» The problem: Set down exactly the stretch of lines below that opens at the line containing "Blue only Tommy Hilfiger dress" and continues through the last line of the entries, and nothing else.

» Excerpted records:
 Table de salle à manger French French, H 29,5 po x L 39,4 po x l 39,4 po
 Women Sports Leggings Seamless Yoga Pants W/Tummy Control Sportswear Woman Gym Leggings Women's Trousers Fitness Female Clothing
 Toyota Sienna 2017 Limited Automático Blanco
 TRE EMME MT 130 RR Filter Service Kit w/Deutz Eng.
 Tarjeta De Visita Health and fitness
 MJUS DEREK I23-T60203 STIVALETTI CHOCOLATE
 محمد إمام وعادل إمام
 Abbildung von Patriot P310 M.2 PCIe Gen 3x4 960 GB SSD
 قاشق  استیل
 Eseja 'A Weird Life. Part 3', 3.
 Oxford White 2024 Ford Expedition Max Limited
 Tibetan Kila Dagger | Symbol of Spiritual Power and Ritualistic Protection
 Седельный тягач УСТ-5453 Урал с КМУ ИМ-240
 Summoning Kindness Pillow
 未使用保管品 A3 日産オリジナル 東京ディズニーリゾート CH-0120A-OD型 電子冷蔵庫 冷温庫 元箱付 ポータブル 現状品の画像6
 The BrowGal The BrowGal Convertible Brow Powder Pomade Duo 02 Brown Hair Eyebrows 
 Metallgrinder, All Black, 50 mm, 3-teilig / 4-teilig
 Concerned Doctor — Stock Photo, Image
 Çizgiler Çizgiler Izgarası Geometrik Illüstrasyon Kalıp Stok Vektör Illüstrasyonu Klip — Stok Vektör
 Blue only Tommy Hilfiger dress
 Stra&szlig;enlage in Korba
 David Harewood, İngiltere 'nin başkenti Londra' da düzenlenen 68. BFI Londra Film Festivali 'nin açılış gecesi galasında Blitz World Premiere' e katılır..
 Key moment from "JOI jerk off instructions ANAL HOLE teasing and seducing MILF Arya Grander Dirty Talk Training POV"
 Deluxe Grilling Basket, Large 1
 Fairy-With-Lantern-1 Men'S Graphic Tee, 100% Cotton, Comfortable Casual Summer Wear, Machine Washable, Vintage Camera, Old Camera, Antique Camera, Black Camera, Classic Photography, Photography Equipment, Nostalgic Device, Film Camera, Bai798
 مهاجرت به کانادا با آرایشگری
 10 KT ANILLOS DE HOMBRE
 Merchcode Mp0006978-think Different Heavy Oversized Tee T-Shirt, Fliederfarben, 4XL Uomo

» Response:
 Blue only Tommy Hilfiger dress
 Stra&szlig;enlage in Korba
 David Harewood, İngiltere 'nin başkenti Londra' da düzenlenen 68. BFI Londra Film Festivali 'nin açılış gecesi galasında Blitz World Premiere' e katılır..
 Key moment from "JOI jerk off instructions ANAL HOLE teasing and seducing MILF Arya Grander Dirty Talk Training POV"
 Deluxe Grilling Basket, Large 1
 Fairy-With-Lantern-1 Men'S Graphic Tee, 100% Cotton, Comfortable Casual Summer Wear, Machine Washable, Vintage Camera, Old Camera, Antique Camera, Black Camera, Classic Photography, Photography Equipment, Nostalgic Device, Film Camera, Bai798
 مهاجرت به کانادا با آرایشگری
 10 KT ANILLOS DE HOMBRE
 Merchcode Mp0006978-think Different Heavy Oversized Tee T-Shirt, Fliederfarben, 4XL Uomo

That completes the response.